───── Material supplied
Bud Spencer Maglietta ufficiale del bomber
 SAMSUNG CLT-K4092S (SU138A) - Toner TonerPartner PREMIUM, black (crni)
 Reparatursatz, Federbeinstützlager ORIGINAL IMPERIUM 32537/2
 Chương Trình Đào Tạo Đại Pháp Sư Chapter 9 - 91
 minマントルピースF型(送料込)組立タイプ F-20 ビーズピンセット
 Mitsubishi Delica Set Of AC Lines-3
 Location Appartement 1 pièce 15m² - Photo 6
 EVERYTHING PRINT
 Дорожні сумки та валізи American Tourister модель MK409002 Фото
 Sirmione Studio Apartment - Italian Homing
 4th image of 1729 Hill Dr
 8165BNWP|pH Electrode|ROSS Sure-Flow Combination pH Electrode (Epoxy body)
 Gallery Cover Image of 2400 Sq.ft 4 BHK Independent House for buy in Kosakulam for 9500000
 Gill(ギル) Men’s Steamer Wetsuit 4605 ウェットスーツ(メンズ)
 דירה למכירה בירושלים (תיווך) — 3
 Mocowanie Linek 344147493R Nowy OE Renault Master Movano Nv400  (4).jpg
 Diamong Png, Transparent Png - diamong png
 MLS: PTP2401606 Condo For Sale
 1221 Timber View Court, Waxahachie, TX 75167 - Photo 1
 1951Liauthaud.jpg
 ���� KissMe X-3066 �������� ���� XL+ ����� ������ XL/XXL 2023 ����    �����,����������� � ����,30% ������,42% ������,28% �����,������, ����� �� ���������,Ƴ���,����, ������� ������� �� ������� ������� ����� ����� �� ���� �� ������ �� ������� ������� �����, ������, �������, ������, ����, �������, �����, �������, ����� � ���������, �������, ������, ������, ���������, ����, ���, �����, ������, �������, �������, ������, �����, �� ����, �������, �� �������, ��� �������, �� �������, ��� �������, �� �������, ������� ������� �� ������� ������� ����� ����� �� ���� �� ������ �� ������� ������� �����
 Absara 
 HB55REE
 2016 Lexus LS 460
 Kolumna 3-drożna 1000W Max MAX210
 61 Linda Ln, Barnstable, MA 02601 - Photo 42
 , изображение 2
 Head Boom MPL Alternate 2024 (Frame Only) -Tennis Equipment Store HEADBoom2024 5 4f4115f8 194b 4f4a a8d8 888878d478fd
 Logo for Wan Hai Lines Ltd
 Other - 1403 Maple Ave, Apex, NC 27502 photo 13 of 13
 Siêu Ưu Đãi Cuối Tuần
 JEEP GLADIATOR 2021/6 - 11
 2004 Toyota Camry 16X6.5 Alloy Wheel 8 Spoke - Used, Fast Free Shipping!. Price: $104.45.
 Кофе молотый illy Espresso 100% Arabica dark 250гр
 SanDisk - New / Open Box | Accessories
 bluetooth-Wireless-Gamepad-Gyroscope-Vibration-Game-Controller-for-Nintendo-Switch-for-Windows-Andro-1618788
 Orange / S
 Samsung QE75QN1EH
──────────
(Exercise brief): Would you please repeat all the entries exactly as written?

(Output for this task):
Bud Spencer Maglietta ufficiale del bomber
 SAMSUNG CLT-K4092S (SU138A) - Toner TonerPartner PREMIUM, black (crni)
 Reparatursatz, Federbeinstützlager ORIGINAL IMPERIUM 32537/2
 Chương Trình Đào Tạo Đại Pháp Sư Chapter 9 - 91
 minマントルピースF型(送料込)組立タイプ F-20 ビーズピンセット
 Mitsubishi Delica Set Of AC Lines-3
 Location Appartement 1 pièce 15m² - Photo 6
 EVERYTHING PRINT
 Дорожні сумки та валізи American Tourister модель MK409002 Фото
 Sirmione Studio Apartment - Italian Homing
 4th image of 1729 Hill Dr
 8165BNWP|pH Electrode|ROSS Sure-Flow Combination pH Electrode (Epoxy body)
 Gallery Cover Image of 2400 Sq.ft 4 BHK Independent House for buy in Kosakulam for 9500000
 Gill(ギル) Men’s Steamer Wetsuit 4605 ウェットスーツ(メンズ)
 דירה למכירה בירושלים (תיווך) — 3
 Mocowanie Linek 344147493R Nowy OE Renault Master Movano Nv400  (4).jpg
 Diamong Png, Transparent Png - diamong png
 MLS: PTP2401606 Condo For Sale
 1221 Timber View Court, Waxahachie, TX 75167 - Photo 1
 1951Liauthaud.jpg
 ���� KissMe X-3066 �������� ���� XL+ ����� ������ XL/XXL 2023 ����    �����,����������� � ����,30% ������,42% ������,28% �����,������, ����� �� ���������,Ƴ���,����, ������� ������� �� ������� ������� ����� ����� �� ���� �� ������ �� ������� ������� �����, ������, �������, ������, ����, �������, �����, �������, ����� � ���������, �������, ������, ������, ���������, ����, ���, �����, ������, �������, �������, ������, �����, �� ����, �������, �� �������, ��� �������, �� �������, ��� �������, �� �������, ������� ������� �� ������� ������� ����� ����� �� ���� �� ������ �� ������� ������� �����
 Absara 
 HB55REE
 2016 Lexus LS 460
 Kolumna 3-drożna 1000W Max MAX210
 61 Linda Ln, Barnstable, MA 02601 - Photo 42
 , изображение 2
 Head Boom MPL Alternate 2024 (Frame Only) -Tennis Equipment Store HEADBoom2024 5 4f4115f8 194b 4f4a a8d8 888878d478fd
 Logo for Wan Hai Lines Ltd
 Other - 1403 Maple Ave, Apex, NC 27502 photo 13 of 13
 Siêu Ưu Đãi Cuối Tuần
 JEEP GLADIATOR 2021/6 - 11
 2004 Toyota Camry 16X6.5 Alloy Wheel 8 Spoke - Used, Fast Free Shipping!. Price: $104.45.
 Кофе молотый illy Espresso 100% Arabica dark 250гр
 SanDisk - New / Open Box | Accessories
 bluetooth-Wireless-Gamepad-Gyroscope-Vibration-Game-Controller-for-Nintendo-Switch-for-Windows-Andro-1618788
 Orange / S
 Samsung QE75QN1EH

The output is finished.